Great Councils RIP-OFFAs ratepayers buckle under their highest-ever bills, a Herald Sun investigation found 110 councillors, chief executives and directors from 20 councils swiped ratepayer-funded credit cards thousands of times in the past two years.
Personalised numberplates, limo hire, valet parking, staff awards, gifts, deluxe car washes, international phone calls, liquor and clothing are among items billed to council credit cards.
A former Greater Dandenong mayor even used his card to pay for a $7.05 McDonald's meal.
Credit cards are used in addition to reimbursed expenses - annual allowances up to $57,500 for suburban councillors and $110,000 for City of Melbourne councillors.
Council executives collect annual salary packages of up to $250,000, plus bonuses.
As allowances and salaries rise, so have rates - up an average 7 per cent across Victoria this year.
Documents obtained under Freedom of Information show details of credit card spending at hotels, restaurants, car parks, shops, travel companies and online stores.
Greater Dandenong was the biggest spender, running up $160,000 on 11 cards over the past two calendar years.
Outer-eastern Casey spent the most per capita, splurging $157,000 on four cards - almost $40,000 each.
Both councils' average rates just rose $41, to $599 in Greater Dandenong and $674 in Casey.
Documents also reveal:
CHIEF executives, directors and councillors at the 20 councils have access to at least $506,000 credit each month, with monthly limits ranging from $1000 to unlimited.
TWO councils - Bayside and Darebin - have no policies on credit card use and Stonnington allows its mayor to use the card for personal expenditure as long as it is reimbursed.
DIRECTORS and councillors were ordered to pay back almost $1000 for personal items bought with ratepayer-funded credit cards.
COUNCIL leaders spent almost $150,000 on meals at some of Australia's top restaurants and $154,000 staying at ritzy hotels across the globe.
GIFTS for staff and visitors, including jewellery, shoes, electrical goods, fine china and flowers cost ratepayers $16,000.
MAROONDAH Council refused to release its card statements, claiming use of the ratepayer-funded cards was private.
SEVERAL officers breached policies, including two who used cards for cash advances.
The Herald Sun found council policies on credit cards ranged from one paragraph to 20 pages and some did not include a list of banned items.

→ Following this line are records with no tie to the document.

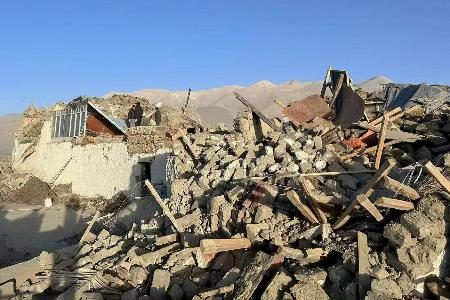 シガツェ国際内陸港の建設加速 チベットの南アジアに向けた開放の新たなエンジンに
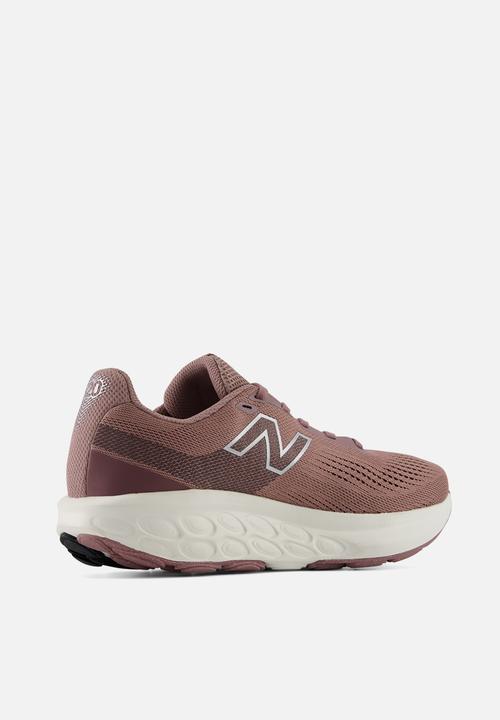New Balance  - Fresh Foam 520 v9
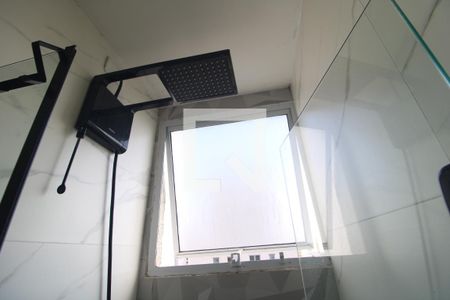 Banheiro de apartamento à venda com 2 quartos, 44m² em Usina Piratininga, São Paulo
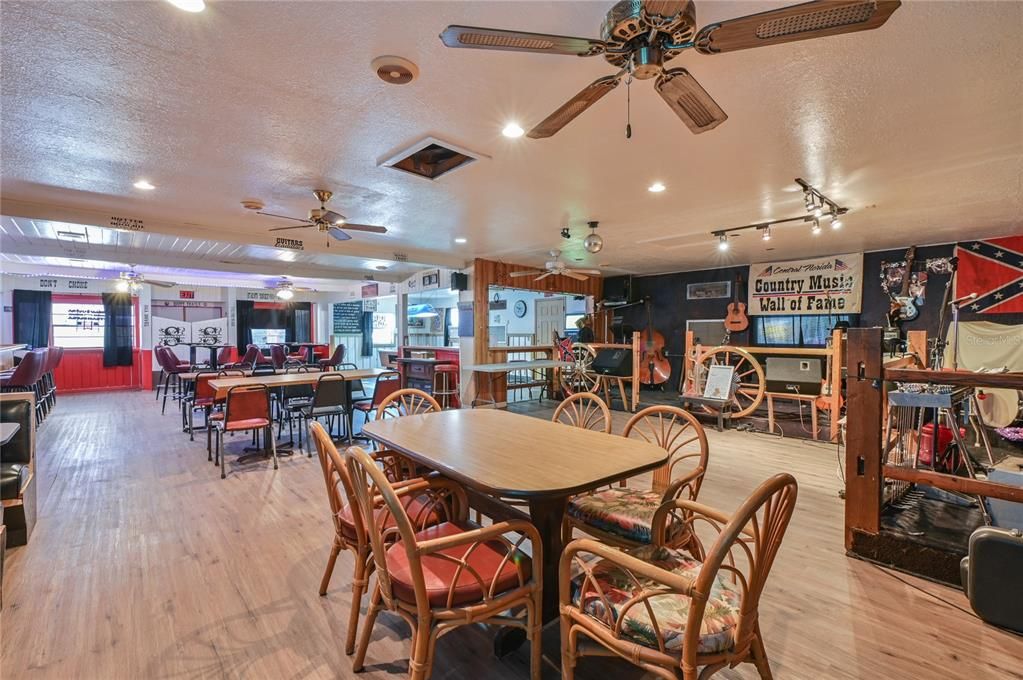 For Sale: $450,000 (0 beds, 0 baths, 2320 Square Feet)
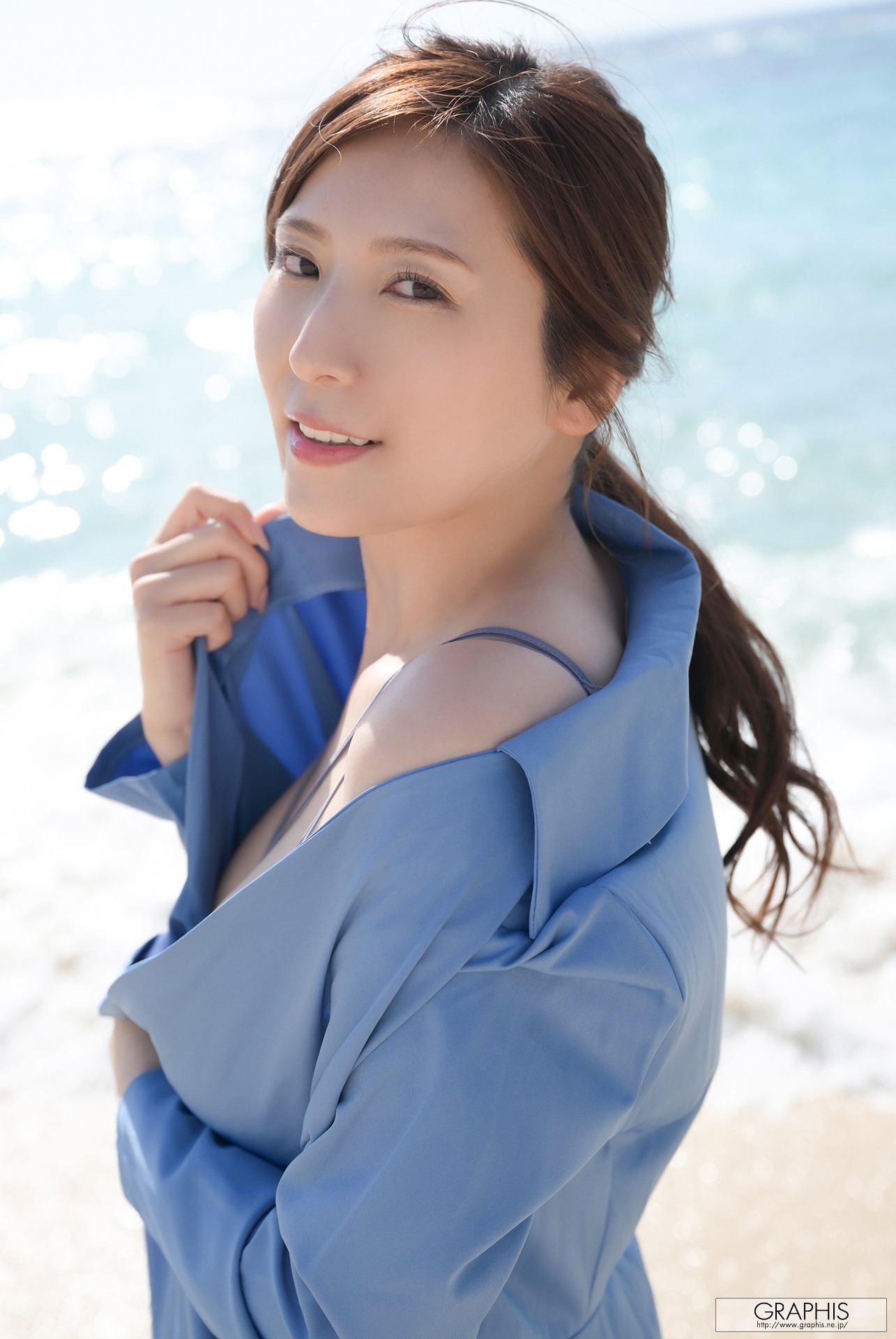 [Graphis] Gals - Yuna Shina 椎名ゆな Reunion 141P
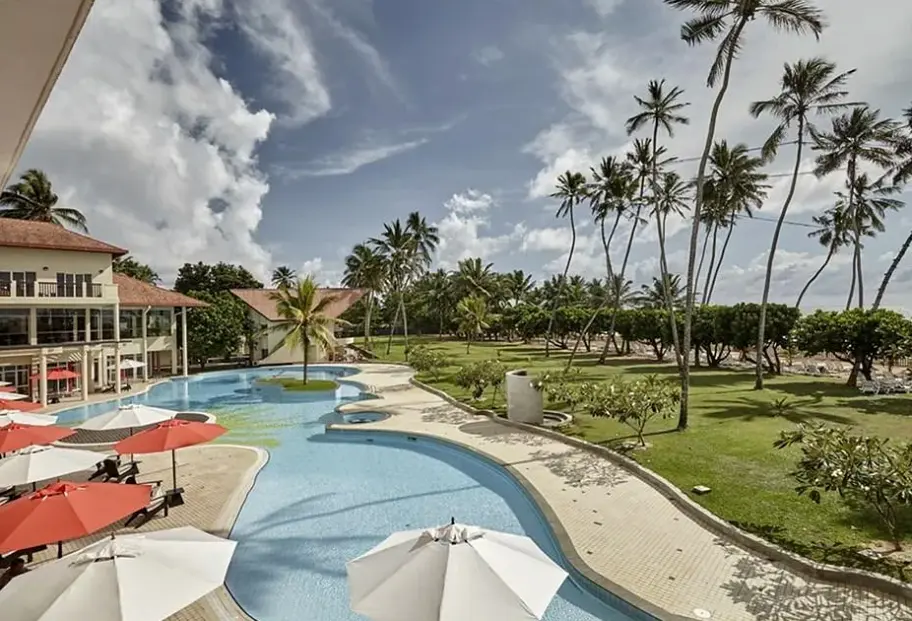 Basen w hotelu Turyaa Kalutara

Municipal Association of Victoria chief executive Rob Spence called on councils to develop strict rules for credit card use.

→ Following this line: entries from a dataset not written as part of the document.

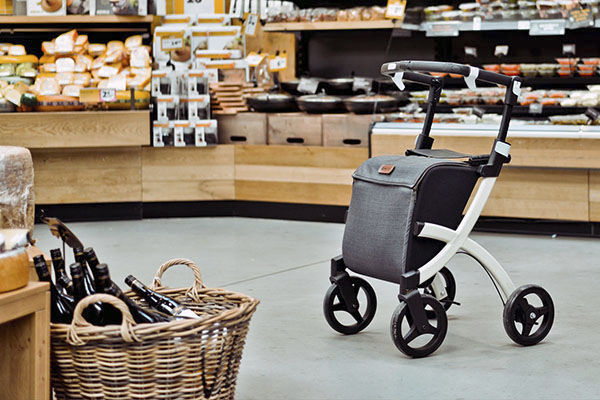Zorgeloos shoppen en stappen met onze shopping rollators 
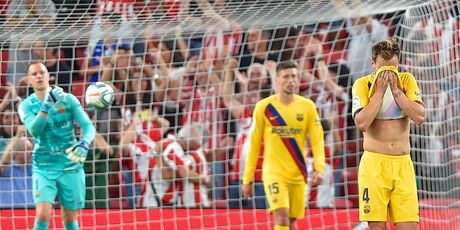 Razočarani igrači Barcelone (Foto: AFP)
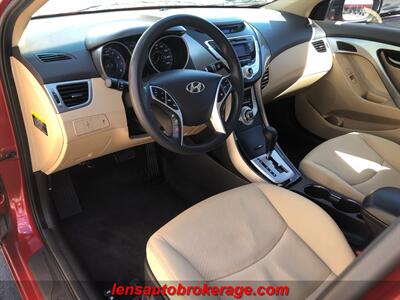 2011 Hyundai ELANTRA GLS   - Photo 10 - Tucson, AZ 85705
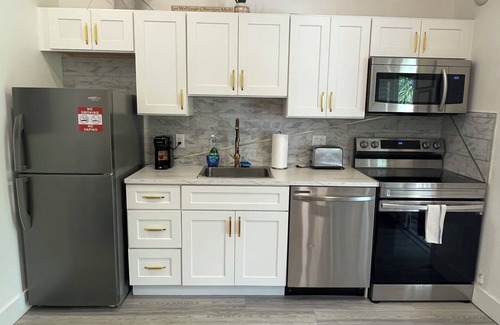 Riverside Park Apartment | Waterfront 1 bedroom unit with free parking
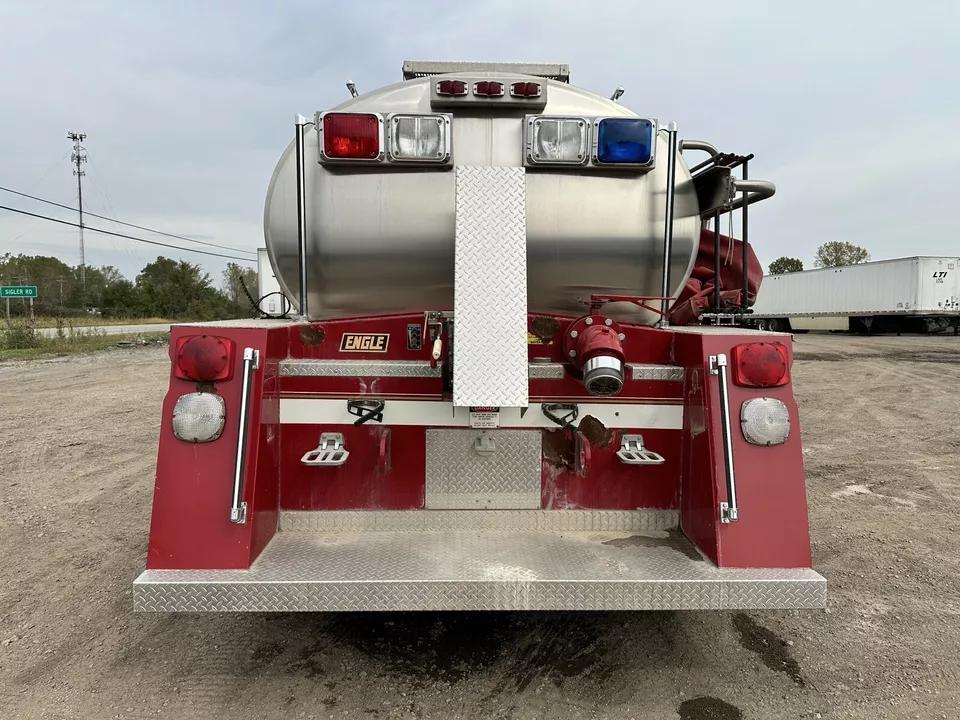 1994 Ford F700 7.0L 2000 Gallon Fire Tanker Tender Truck - Only 8k MILES! - image 6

"There needs to be limits and controls on what they can spend on,"Mr Spence said.
He said most councils used credit cards wisely and use was monitored by the Auditor-General.
Dandenong Residents and Ratepayers Association spokeswoman Christine Ware said spending by Greater Dandenong Council was staggering.
"We accept there is going to be some level of expenses . . . but the fact they exceeded Melbourne, who would have a far bigger need in that area, is unbelievable,"she said.
But Dandenong chief executive Warwick Heine said the council used credit cards instead of reimbursement to have more control over spending.
"It has significantly reduced cash handling, which is one of our biggest exposures to the potential for fraud,"he said.
Casey residents were "stunned"council director Jennie Lee used her credit card to pay almost $800 in boarding kennel fees while on eight business trips.
"Everyone else who ever goes away needs to find someone to look after their pets,"Cranbourne and District Residents Association spokeswoman Joanne Blanch said.
The council said in a statement it paid kennel fees "to allow (Ms Lees) to attend activities for and on behalf of council where it is necessary that she is away".
A Moonee Valley council spokeswoman said former mayor Don Cornish paid $468 for Grand Final tickets in 2001 "when Moonee Valley's only team, Essendon, featured in the Grand Final".
Moonee Valley, where average rates jumped $89 to $856, also paid $550 to hire costumes for a staff revue.
Melbourne Council paid fines of $500 for an overdue car registration and $40 for a CityLink "no tag in vehicle"fee.
Banyule, in the northern suburbs, paid $495 for personalised numberplates BCC 01 for its $40,000 half-electric, half-petrol pool car.
Boroondara, Frankston, Glen Eira, Kingston, Monash, Moreland, Nillumbik and Whittlesea councils do not issue credit cards to executive management and councillors.